Problem to work on:
Each line from the beginning of the data below through the line containing "Bayer Charlene Puppe" should be repeated exactly, please.

Material shown:
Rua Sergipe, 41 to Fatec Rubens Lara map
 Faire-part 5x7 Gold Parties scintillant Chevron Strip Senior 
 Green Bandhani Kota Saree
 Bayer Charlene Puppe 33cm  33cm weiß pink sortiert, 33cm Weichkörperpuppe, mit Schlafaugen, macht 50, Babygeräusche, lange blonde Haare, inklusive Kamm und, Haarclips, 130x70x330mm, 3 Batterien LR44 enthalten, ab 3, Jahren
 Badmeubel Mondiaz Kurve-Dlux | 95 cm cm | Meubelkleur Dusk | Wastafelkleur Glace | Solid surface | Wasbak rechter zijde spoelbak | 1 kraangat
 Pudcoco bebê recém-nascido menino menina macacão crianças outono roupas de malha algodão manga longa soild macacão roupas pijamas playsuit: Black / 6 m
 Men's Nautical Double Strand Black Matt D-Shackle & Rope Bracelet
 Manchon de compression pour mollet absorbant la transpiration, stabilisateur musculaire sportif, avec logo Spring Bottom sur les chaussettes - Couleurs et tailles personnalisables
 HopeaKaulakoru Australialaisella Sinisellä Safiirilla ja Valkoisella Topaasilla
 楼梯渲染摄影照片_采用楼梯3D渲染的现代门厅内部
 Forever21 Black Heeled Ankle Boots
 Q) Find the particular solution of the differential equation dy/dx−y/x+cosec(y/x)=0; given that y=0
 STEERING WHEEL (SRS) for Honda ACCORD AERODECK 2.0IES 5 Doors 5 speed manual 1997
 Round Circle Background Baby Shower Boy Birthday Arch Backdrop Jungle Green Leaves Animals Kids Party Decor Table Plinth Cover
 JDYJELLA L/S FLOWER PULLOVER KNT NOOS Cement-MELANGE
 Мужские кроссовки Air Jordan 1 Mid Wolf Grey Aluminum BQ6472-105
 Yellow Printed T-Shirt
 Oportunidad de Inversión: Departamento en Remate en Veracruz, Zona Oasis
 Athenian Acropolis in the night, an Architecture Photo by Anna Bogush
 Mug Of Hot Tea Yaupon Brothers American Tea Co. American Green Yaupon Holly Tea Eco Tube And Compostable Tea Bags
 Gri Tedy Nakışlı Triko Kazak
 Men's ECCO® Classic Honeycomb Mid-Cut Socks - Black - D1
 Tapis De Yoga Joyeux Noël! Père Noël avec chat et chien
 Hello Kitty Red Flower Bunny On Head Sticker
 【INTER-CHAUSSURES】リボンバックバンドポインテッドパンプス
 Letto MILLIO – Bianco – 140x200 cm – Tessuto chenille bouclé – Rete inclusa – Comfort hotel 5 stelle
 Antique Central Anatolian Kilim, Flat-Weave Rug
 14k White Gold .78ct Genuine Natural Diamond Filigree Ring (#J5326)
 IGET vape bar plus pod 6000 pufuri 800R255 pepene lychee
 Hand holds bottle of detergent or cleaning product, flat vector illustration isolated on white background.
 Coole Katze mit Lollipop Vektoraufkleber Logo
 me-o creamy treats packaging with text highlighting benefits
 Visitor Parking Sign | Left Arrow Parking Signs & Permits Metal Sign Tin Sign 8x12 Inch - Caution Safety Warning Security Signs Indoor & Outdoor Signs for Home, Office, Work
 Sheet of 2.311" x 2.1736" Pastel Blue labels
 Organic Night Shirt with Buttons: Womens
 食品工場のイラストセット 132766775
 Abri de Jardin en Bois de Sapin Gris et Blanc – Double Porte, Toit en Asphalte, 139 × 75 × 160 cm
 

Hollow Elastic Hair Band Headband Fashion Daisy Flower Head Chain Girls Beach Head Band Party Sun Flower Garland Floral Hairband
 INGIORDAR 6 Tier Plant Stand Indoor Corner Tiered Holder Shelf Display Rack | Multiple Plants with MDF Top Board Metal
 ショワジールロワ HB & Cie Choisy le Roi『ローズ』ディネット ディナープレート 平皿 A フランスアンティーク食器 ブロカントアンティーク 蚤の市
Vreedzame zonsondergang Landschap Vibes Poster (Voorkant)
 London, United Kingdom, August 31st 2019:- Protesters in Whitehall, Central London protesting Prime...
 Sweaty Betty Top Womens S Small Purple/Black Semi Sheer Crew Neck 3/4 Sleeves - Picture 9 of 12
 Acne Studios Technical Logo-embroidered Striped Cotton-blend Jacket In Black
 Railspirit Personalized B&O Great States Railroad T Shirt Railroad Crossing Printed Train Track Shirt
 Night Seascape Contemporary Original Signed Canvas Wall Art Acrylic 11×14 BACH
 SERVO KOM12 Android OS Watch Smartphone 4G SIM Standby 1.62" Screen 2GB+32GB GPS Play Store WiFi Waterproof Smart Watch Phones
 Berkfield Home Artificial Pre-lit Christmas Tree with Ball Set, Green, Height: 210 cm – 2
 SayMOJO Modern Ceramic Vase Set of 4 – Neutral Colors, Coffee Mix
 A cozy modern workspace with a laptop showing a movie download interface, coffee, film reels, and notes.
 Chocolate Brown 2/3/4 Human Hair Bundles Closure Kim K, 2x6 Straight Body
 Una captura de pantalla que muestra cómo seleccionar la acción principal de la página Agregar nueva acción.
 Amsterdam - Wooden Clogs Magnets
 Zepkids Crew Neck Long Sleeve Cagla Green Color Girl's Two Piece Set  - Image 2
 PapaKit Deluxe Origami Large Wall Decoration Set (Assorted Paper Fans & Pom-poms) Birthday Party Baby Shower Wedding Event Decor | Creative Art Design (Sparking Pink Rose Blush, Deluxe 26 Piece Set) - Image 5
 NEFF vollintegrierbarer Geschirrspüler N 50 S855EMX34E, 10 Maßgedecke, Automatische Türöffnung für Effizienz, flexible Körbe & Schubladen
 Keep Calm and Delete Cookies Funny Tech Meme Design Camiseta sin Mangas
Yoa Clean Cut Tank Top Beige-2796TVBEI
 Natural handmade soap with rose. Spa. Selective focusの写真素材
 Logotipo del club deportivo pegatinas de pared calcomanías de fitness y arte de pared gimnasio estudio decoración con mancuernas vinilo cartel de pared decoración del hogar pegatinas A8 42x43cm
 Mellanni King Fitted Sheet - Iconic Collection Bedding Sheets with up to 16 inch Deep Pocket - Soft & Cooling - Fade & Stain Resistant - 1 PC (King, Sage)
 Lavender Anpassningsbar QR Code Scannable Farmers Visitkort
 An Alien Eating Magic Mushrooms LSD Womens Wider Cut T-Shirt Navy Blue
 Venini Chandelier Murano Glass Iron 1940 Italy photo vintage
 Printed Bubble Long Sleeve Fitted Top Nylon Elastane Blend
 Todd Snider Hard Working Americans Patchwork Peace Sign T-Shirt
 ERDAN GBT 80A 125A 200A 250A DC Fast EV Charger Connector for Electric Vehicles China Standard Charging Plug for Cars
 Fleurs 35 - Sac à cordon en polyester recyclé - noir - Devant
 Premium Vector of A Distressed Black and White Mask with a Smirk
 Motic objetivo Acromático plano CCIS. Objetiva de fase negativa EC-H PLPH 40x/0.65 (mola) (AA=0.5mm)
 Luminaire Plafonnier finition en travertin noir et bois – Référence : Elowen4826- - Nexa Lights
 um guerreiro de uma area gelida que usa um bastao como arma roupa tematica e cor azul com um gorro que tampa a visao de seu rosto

Result of the task:
Rua Sergipe, 41 to Fatec Rubens Lara map
 Faire-part 5x7 Gold Parties scintillant Chevron Strip Senior 
 Green Bandhani Kota Saree
 Bayer Charlene Puppe 33cm  33cm weiß pink sortiert, 33cm Weichkörperpuppe, mit Schlafaugen, macht 50, Babygeräusche, lange blonde Haare, inklusive Kamm und, Haarclips, 130x70x330mm, 3 Batterien LR44 enthalten, ab 3, Jahren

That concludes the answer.